Państwo Islamskie – mimo że już teoretycznie unicestwione – pozostawiło po sobie wiele rozpierzchniętych po świecie grupek, które kontynuują misję stworzenia islamskiego kalifatu. Nie brakuje także nowych rekrutów. Zaciągnąć się w szeregi ISIS miało zamiar także małżeństwo – James Bradley, lat 20, z Bronxu w Nowym Jorku i Arwa Muthana, lat 29, z Alabamy.
Ich plan był prosty. Chcieli wydostać się z USA na pokładzie frachtowca, aby przedostać się do ogarniętego chaosem Jemenu, a następnie zaciągnąć się do w szeregi islamskich terrorystów. Na szczęście od początku byli na celowniku służb specjalnych. FBI „podrzuciło” Bradleyowi tajnego agenta, który miał zostać jego przyjacielem i powiernikiem – udało się. Bradley zwierzał się agentowi z wszelkich planów. Pewnego razu niedoszły terrorysta wspomniał o tym, że jeżeli nie uda mu się opuścić USA – wraz z żoną – rozważa atak na najsłynniejszą szkołę wojskową na świecie – West Point.
Agent oczywiście udawał, że pomaga Bradleyowi. Załatwił mu kontakt do człowieka, który miał z kolei zorganizować bezpieczną podróż do Jemenu. Ten człowiek także był agentem specjalnym. Bradley wraz ze swoją żoną zostali w końcu aresztowani. Grozi im po 20 lat więzienia.

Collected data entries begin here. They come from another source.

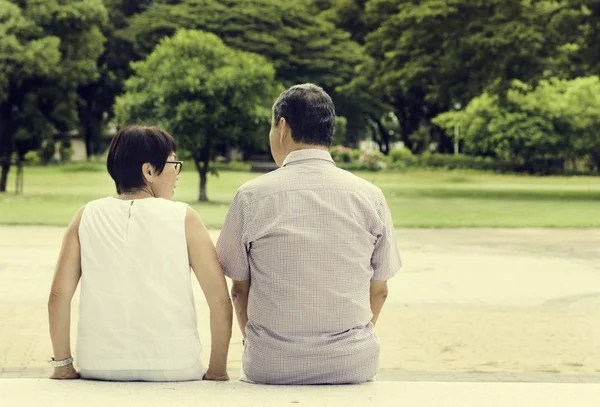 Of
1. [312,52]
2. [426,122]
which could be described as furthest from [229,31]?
[426,122]

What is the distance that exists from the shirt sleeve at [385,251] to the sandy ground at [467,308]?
3.64 m

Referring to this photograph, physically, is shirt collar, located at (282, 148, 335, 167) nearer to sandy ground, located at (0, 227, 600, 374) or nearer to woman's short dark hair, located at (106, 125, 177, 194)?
woman's short dark hair, located at (106, 125, 177, 194)

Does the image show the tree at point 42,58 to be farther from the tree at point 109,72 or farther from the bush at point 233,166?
the tree at point 109,72

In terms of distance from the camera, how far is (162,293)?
4.15m

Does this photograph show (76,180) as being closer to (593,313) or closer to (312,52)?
(312,52)

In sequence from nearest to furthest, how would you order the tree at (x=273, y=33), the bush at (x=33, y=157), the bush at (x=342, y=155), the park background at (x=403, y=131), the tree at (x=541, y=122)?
the park background at (x=403, y=131) < the tree at (x=541, y=122) < the bush at (x=342, y=155) < the tree at (x=273, y=33) < the bush at (x=33, y=157)

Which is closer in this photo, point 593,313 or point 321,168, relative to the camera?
point 321,168

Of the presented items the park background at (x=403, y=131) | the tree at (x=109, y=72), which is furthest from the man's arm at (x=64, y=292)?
the tree at (x=109, y=72)

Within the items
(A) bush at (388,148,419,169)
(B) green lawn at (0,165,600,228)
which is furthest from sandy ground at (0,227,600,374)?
(A) bush at (388,148,419,169)

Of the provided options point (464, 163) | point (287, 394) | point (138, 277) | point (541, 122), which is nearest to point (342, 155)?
point (464, 163)

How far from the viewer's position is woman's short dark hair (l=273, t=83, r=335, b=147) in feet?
13.5

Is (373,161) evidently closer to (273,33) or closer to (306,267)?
(273,33)

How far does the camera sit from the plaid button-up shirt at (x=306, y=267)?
162 inches

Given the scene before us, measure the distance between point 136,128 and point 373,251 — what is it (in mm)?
925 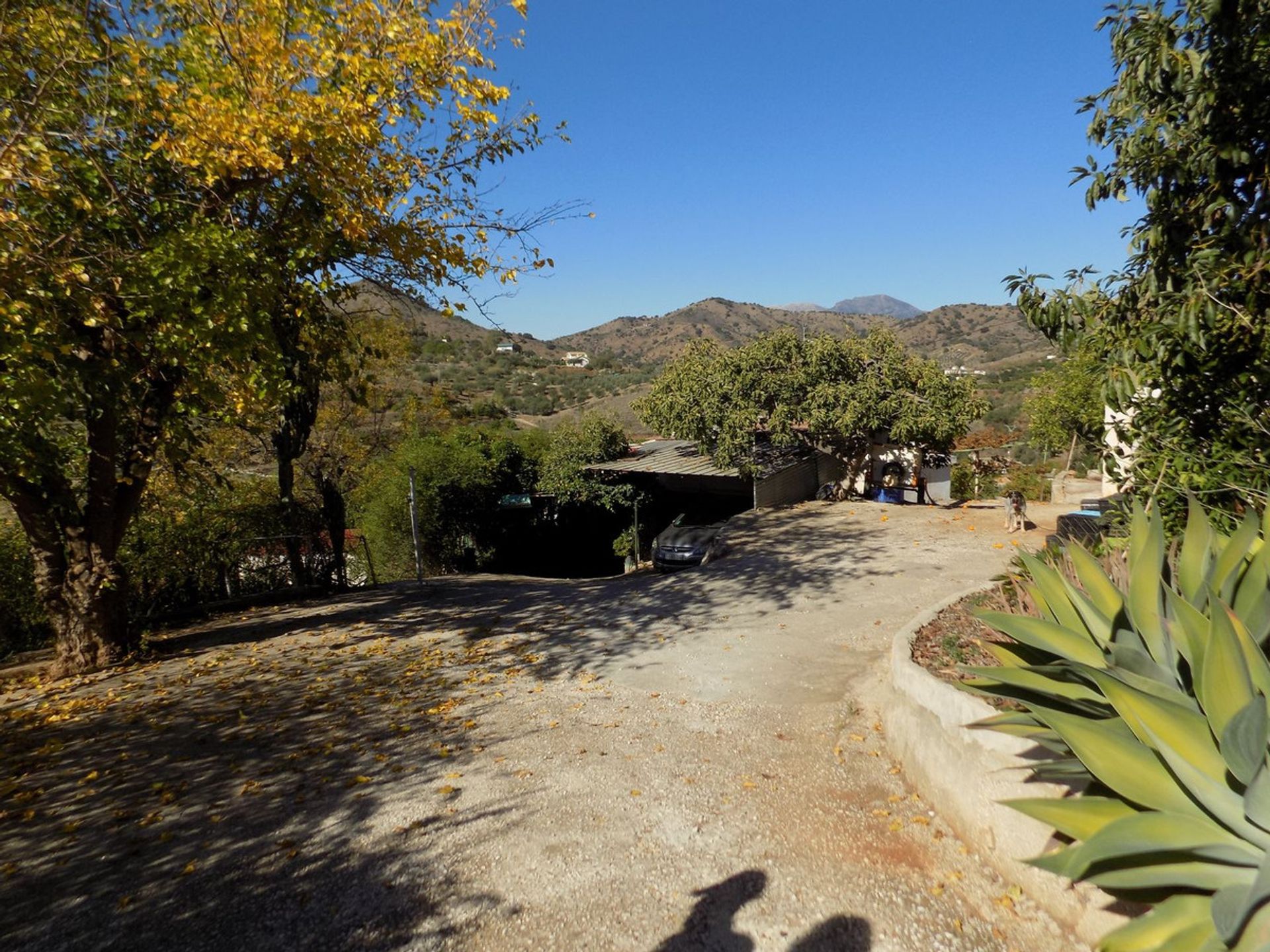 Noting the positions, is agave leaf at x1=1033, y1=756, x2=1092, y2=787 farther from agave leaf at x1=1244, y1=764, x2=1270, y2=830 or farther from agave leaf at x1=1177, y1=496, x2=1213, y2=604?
agave leaf at x1=1177, y1=496, x2=1213, y2=604

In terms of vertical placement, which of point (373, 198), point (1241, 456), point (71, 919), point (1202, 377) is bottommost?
point (71, 919)

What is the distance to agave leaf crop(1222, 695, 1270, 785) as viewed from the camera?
2104 mm

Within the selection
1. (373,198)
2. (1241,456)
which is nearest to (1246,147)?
(1241,456)

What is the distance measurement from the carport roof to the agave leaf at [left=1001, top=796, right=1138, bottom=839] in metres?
14.8

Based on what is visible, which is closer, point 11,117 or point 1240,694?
point 1240,694

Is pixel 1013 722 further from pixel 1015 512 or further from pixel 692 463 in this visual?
pixel 692 463

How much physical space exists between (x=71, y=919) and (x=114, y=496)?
5.16 m

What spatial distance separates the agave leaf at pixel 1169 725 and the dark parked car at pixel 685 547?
10256 millimetres

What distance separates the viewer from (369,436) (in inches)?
696

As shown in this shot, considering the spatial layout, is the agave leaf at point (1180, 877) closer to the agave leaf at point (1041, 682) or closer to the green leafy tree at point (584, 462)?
the agave leaf at point (1041, 682)

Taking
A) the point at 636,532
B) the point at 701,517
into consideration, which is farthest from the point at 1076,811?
the point at 701,517

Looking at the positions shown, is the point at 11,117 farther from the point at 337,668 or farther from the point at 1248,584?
the point at 1248,584

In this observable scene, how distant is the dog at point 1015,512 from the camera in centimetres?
1326

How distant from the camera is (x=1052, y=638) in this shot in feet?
11.0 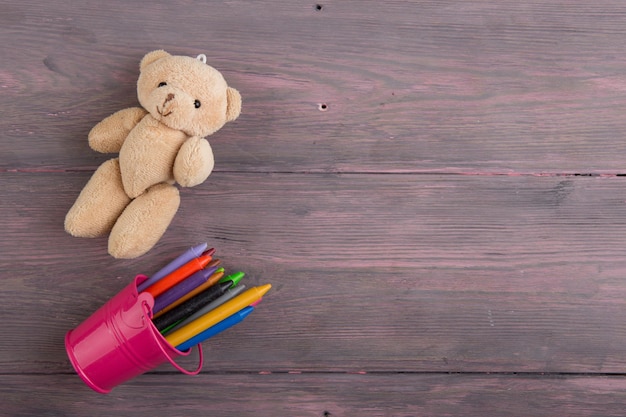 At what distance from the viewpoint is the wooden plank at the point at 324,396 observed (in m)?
0.65

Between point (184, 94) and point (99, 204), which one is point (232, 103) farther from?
point (99, 204)

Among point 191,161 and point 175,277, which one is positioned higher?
point 191,161

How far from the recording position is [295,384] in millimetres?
656

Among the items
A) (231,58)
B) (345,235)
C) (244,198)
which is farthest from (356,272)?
(231,58)

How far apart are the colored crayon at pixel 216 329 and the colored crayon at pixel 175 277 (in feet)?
0.18

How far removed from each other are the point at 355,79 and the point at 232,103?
5.5 inches

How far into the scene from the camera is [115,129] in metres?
0.59

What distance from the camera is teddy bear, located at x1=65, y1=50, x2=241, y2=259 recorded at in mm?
557

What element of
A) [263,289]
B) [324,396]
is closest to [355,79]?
[263,289]

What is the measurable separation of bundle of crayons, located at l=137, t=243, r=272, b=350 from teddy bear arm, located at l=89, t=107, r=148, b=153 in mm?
129

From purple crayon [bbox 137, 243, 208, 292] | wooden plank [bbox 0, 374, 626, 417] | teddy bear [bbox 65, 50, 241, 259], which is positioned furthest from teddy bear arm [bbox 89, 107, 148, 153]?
wooden plank [bbox 0, 374, 626, 417]

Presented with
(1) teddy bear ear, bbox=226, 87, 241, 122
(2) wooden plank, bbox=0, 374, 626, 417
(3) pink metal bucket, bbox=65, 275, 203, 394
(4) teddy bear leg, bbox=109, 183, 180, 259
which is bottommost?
(2) wooden plank, bbox=0, 374, 626, 417

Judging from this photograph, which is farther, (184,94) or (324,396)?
(324,396)

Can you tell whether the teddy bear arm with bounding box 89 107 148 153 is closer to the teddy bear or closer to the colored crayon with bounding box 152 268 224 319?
the teddy bear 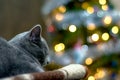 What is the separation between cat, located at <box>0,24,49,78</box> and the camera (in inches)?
47.6

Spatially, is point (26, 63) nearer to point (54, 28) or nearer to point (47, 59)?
point (47, 59)

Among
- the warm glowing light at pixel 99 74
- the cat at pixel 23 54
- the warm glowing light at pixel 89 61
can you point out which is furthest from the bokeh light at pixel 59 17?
the cat at pixel 23 54

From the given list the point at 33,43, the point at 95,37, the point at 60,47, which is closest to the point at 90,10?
the point at 95,37

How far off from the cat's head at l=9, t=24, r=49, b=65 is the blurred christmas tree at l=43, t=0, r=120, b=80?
2764 mm

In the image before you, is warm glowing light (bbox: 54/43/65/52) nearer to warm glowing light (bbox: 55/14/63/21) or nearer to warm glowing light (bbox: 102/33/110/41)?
warm glowing light (bbox: 55/14/63/21)

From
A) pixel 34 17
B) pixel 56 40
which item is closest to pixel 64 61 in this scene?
pixel 56 40

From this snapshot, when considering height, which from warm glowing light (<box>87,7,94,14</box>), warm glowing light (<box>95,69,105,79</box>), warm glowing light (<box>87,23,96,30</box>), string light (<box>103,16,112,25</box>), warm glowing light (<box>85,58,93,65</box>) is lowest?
warm glowing light (<box>95,69,105,79</box>)

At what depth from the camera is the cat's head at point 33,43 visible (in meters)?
1.37

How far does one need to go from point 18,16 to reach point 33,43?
4151 mm

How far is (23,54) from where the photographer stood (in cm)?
131

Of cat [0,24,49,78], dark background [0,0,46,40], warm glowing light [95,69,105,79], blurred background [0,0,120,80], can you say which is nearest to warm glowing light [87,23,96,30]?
blurred background [0,0,120,80]

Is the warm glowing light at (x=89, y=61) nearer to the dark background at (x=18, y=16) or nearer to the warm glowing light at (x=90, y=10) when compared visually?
the warm glowing light at (x=90, y=10)

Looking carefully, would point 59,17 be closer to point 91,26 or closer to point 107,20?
point 91,26

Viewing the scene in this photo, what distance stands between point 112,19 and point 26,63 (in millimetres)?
3089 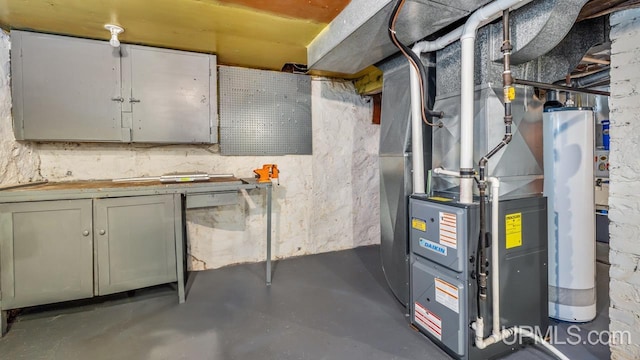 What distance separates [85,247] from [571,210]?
3278mm

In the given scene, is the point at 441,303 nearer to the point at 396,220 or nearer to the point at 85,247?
the point at 396,220

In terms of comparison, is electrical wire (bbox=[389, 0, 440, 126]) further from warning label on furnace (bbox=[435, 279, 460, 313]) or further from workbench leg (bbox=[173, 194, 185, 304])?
workbench leg (bbox=[173, 194, 185, 304])

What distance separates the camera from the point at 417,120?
74.3 inches

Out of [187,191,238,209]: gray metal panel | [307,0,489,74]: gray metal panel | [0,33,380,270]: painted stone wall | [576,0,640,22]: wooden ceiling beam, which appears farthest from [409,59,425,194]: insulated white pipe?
[0,33,380,270]: painted stone wall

Muthana rzekomo powiedziała funkcjonariuszom, po jej aresztowaniu, że jest gotowa „walczyć i zabijać Amerykanów dla Allaha”, jak podano w komunikacie. Arwa Muthana jest siostrą Hody Muthany, która opuściła Stany Zjednoczone w 2014 roku, aby zostać jedną z żon ISIS. Hoda podobno powiedziała po paru latach, że żałuje wstąpienia do organizacji. USA odmówiło jej jednak wjazdu do kraju.